Exercise goal> Take the listing from its first line through the line that contains "istock Fasten seat" and please retype those lines exactly, leaving out the pictures.

Task material>
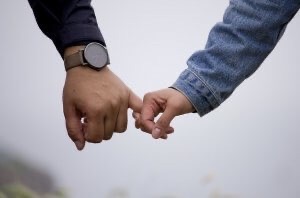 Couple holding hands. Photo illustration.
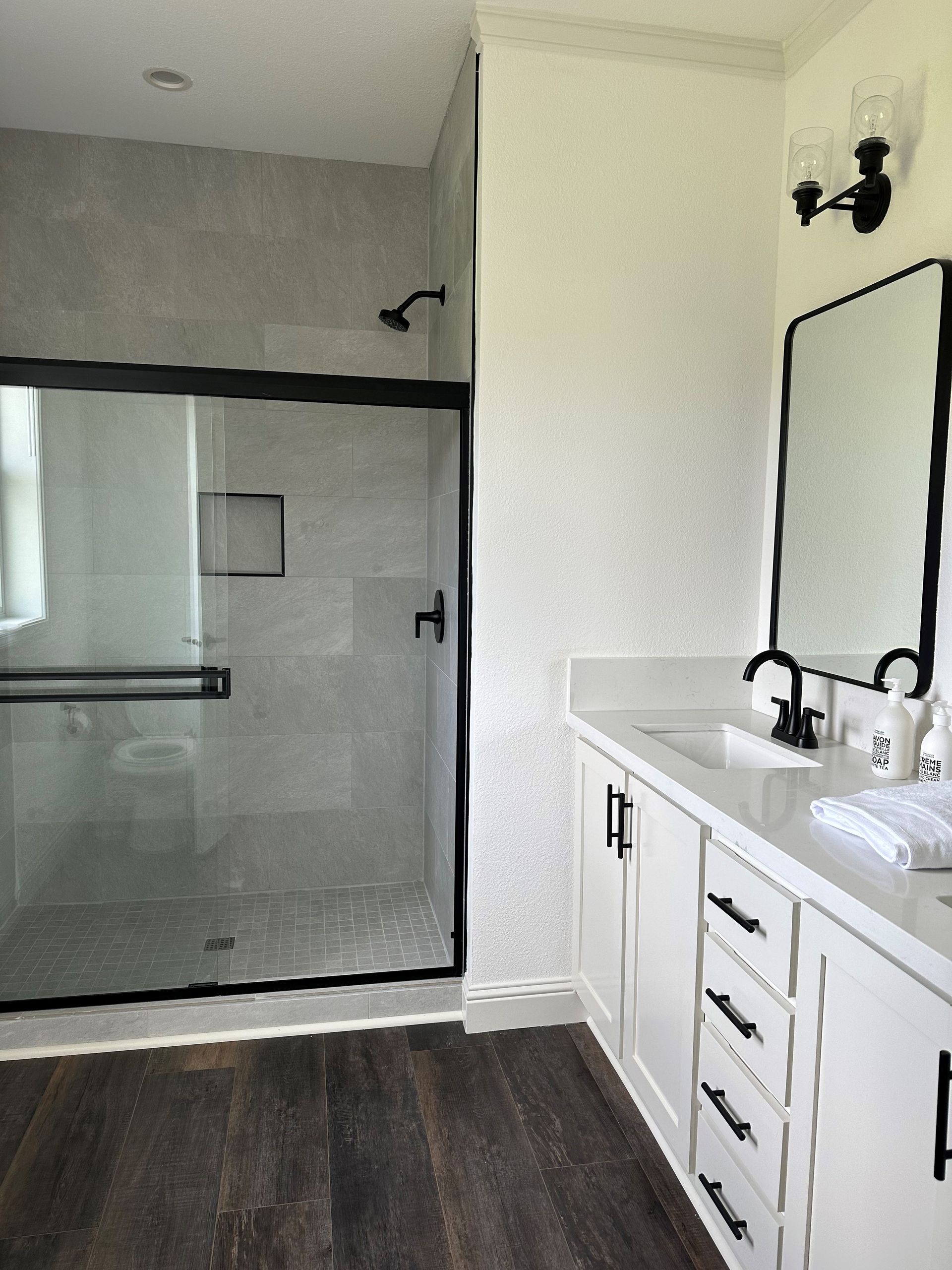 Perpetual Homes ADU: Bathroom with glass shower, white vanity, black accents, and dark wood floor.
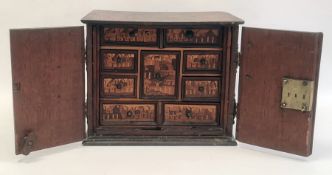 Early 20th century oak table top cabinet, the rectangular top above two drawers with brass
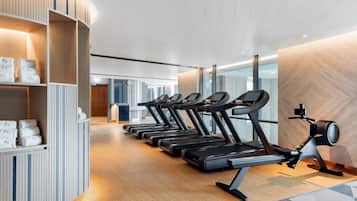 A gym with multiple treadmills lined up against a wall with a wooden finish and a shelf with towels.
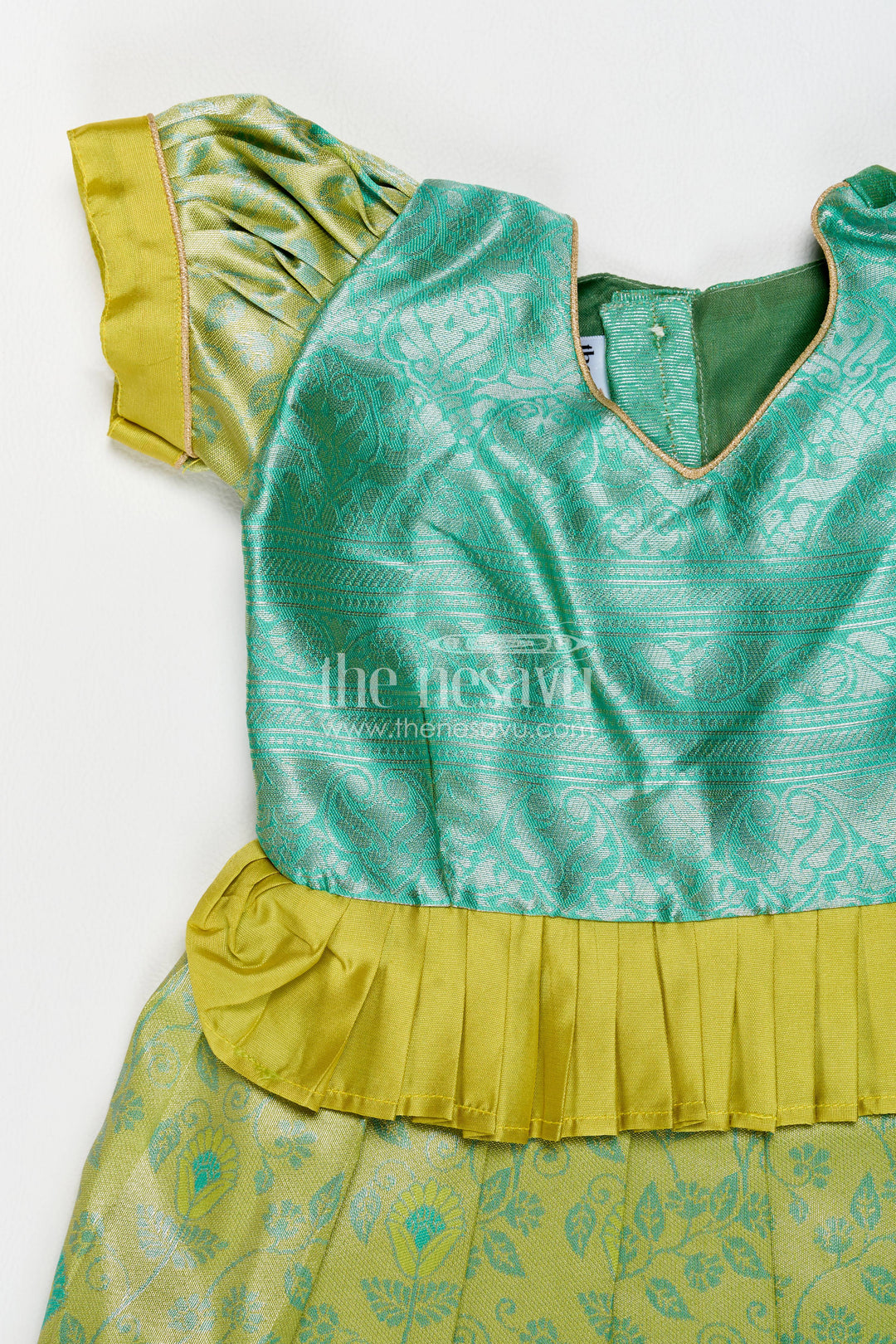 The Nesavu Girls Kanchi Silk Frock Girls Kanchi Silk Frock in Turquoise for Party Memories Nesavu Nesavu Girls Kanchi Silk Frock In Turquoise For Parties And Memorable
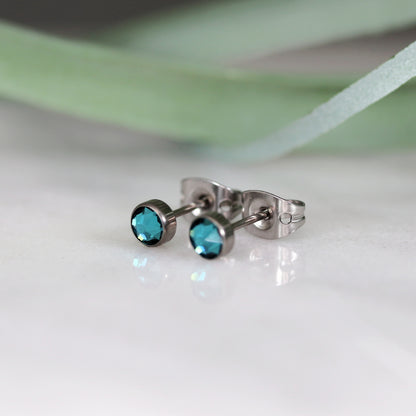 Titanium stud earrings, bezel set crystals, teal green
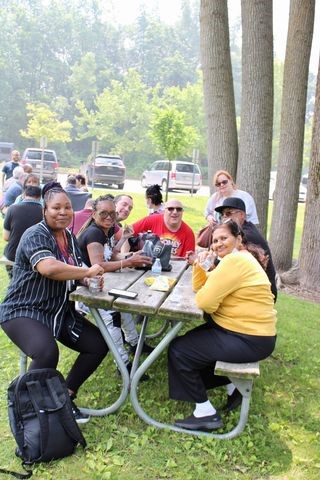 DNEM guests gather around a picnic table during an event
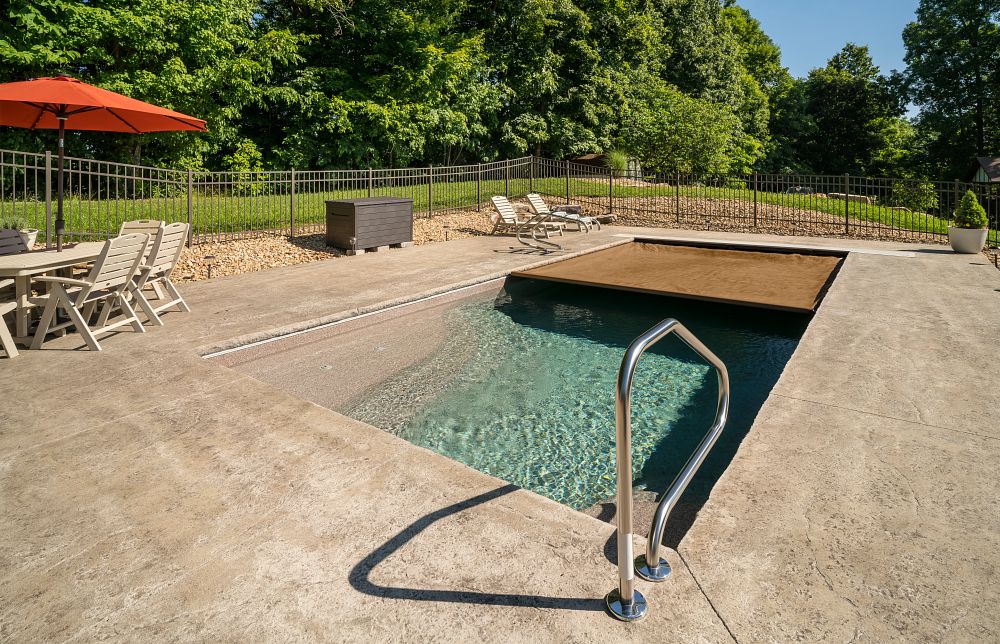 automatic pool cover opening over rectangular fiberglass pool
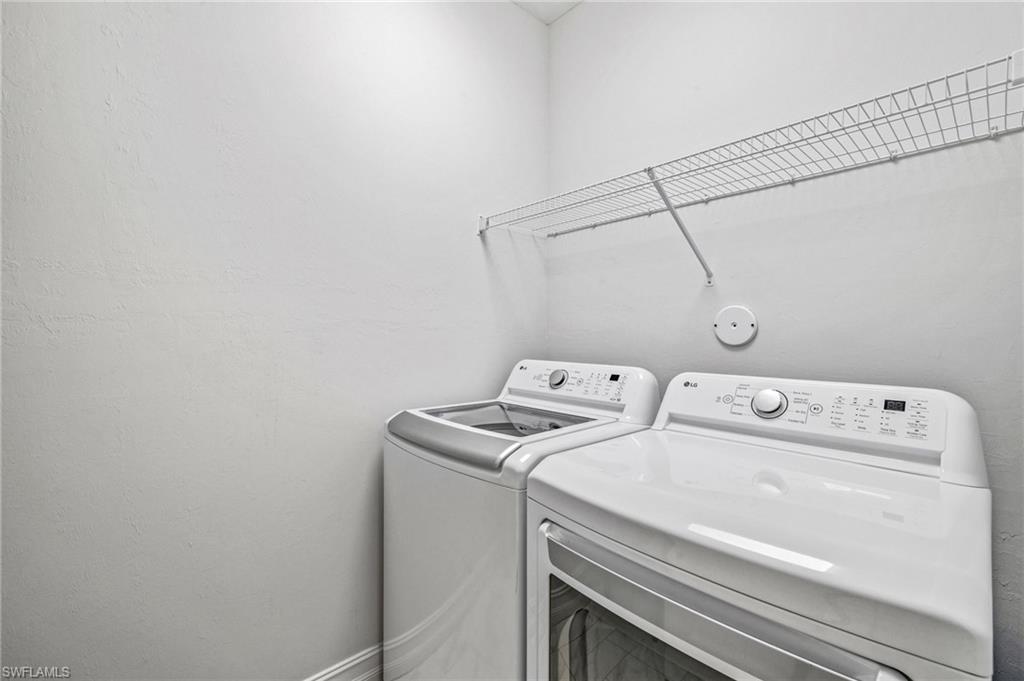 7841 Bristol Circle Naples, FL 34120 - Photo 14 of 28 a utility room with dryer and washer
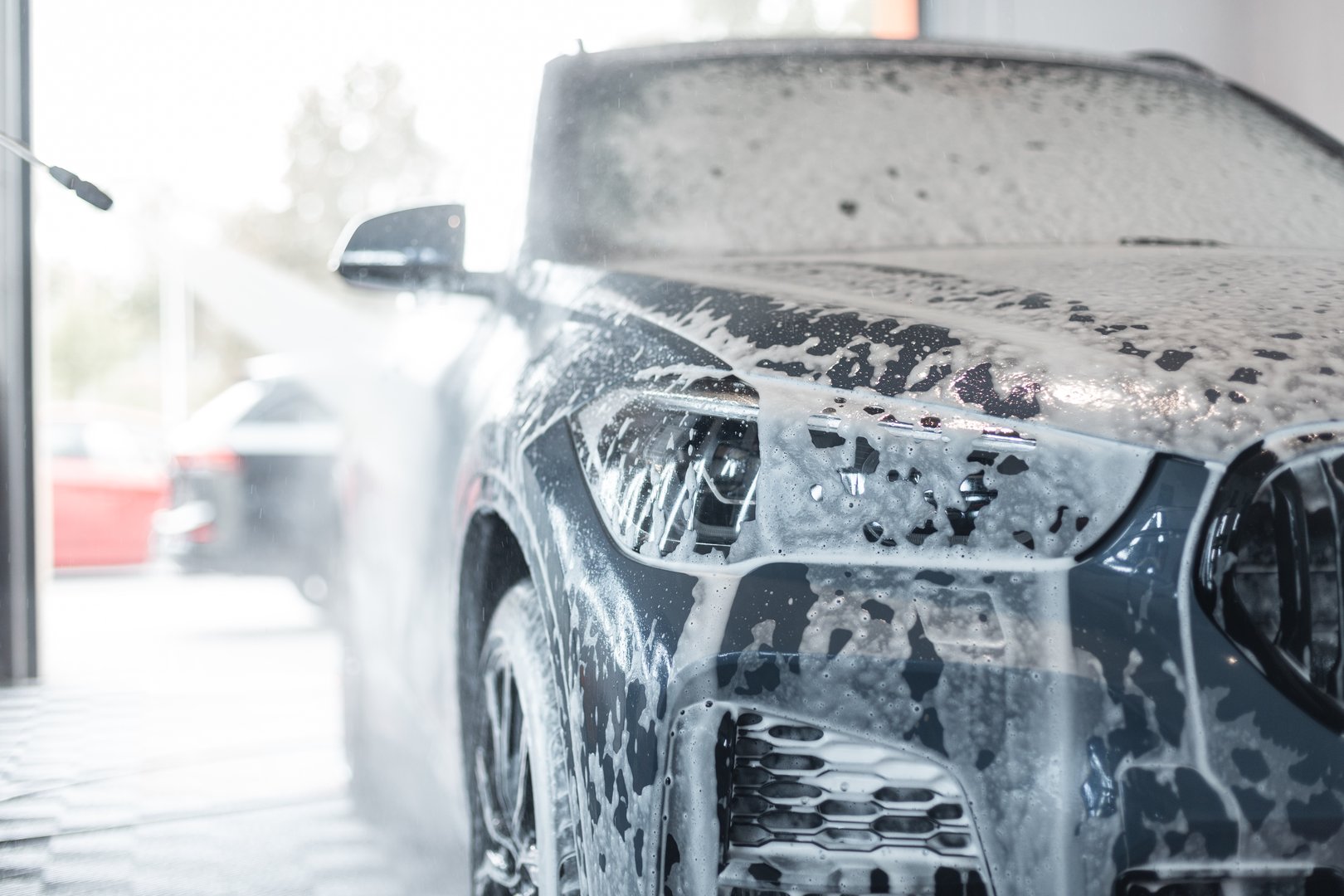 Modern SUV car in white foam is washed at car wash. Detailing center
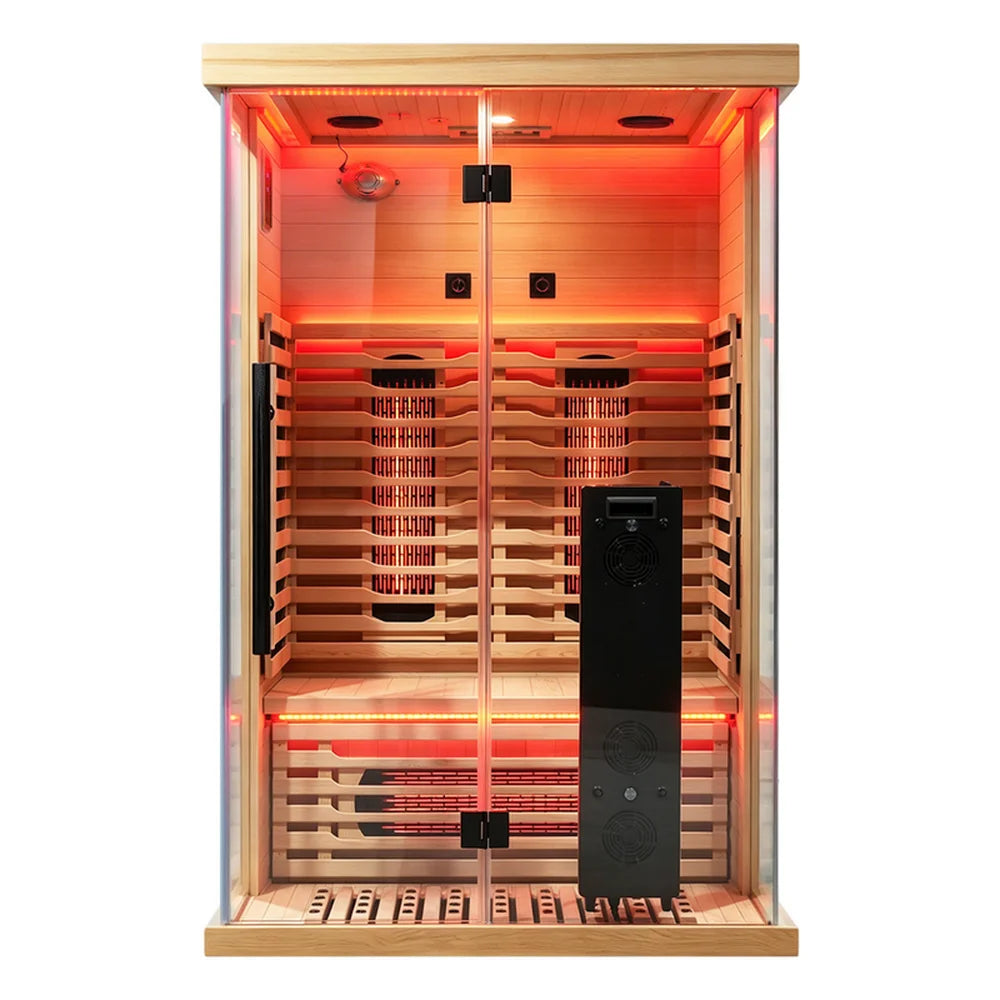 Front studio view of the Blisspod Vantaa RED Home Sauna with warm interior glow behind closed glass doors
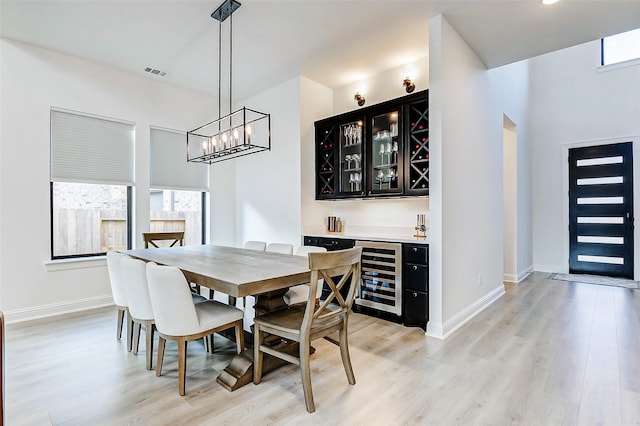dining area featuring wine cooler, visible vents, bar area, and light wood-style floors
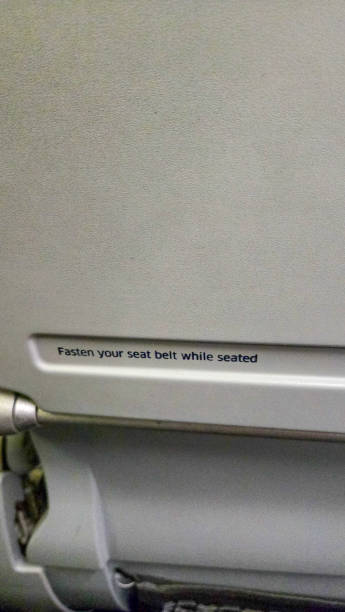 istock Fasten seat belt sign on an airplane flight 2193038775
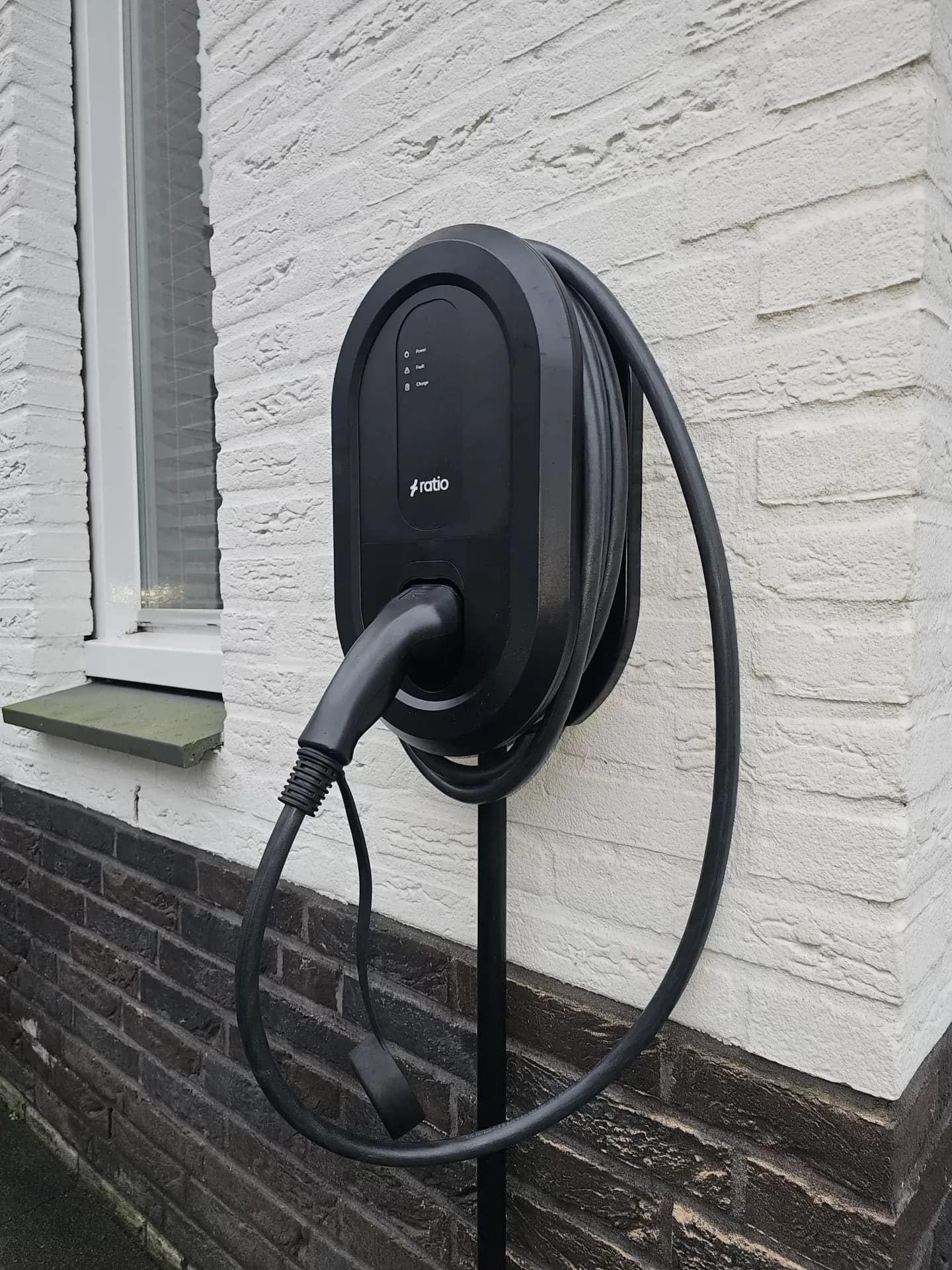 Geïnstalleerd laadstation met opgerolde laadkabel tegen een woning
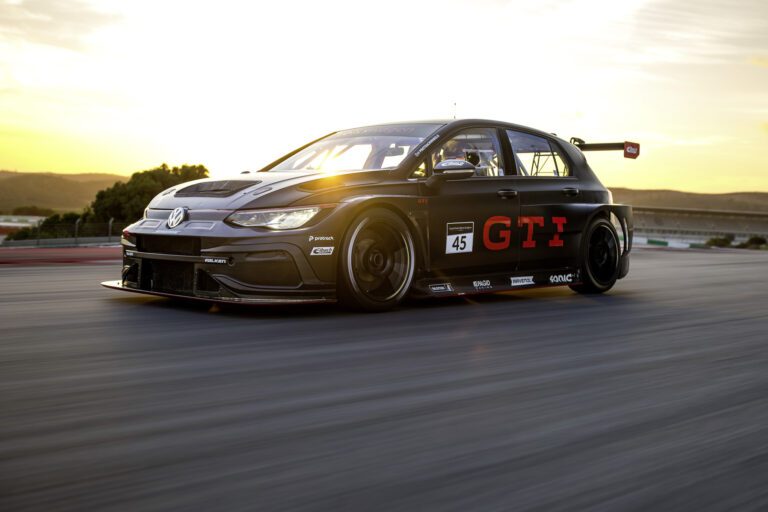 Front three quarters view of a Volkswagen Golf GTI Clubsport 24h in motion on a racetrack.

Exercise output>
 Couple holding hands. Photo illustration.
 Perpetual Homes ADU: Bathroom with glass shower, white vanity, black accents, and dark wood floor.
 Early 20th century oak table top cabinet, the rectangular top above two drawers with brass
 A gym with multiple treadmills lined up against a wall with a wooden finish and a shelf with towels.
 The Nesavu Girls Kanchi Silk Frock Girls Kanchi Silk Frock in Turquoise for Party Memories Nesavu Nesavu Girls Kanchi Silk Frock In Turquoise For Parties And Memorable
 Titanium stud earrings, bezel set crystals, teal green
 DNEM guests gather around a picnic table during an event
 automatic pool cover opening over rectangular fiberglass pool
 7841 Bristol Circle Naples, FL 34120 - Photo 14 of 28 a utility room with dryer and washer
 Modern SUV car in white foam is washed at car wash. Detailing center
 Front studio view of the Blisspod Vantaa RED Home Sauna with warm interior glow behind closed glass doors
dining area featuring wine cooler, visible vents, bar area, and light wood-style floors
 istock Fasten seat belt sign on an airplane flight 2193038775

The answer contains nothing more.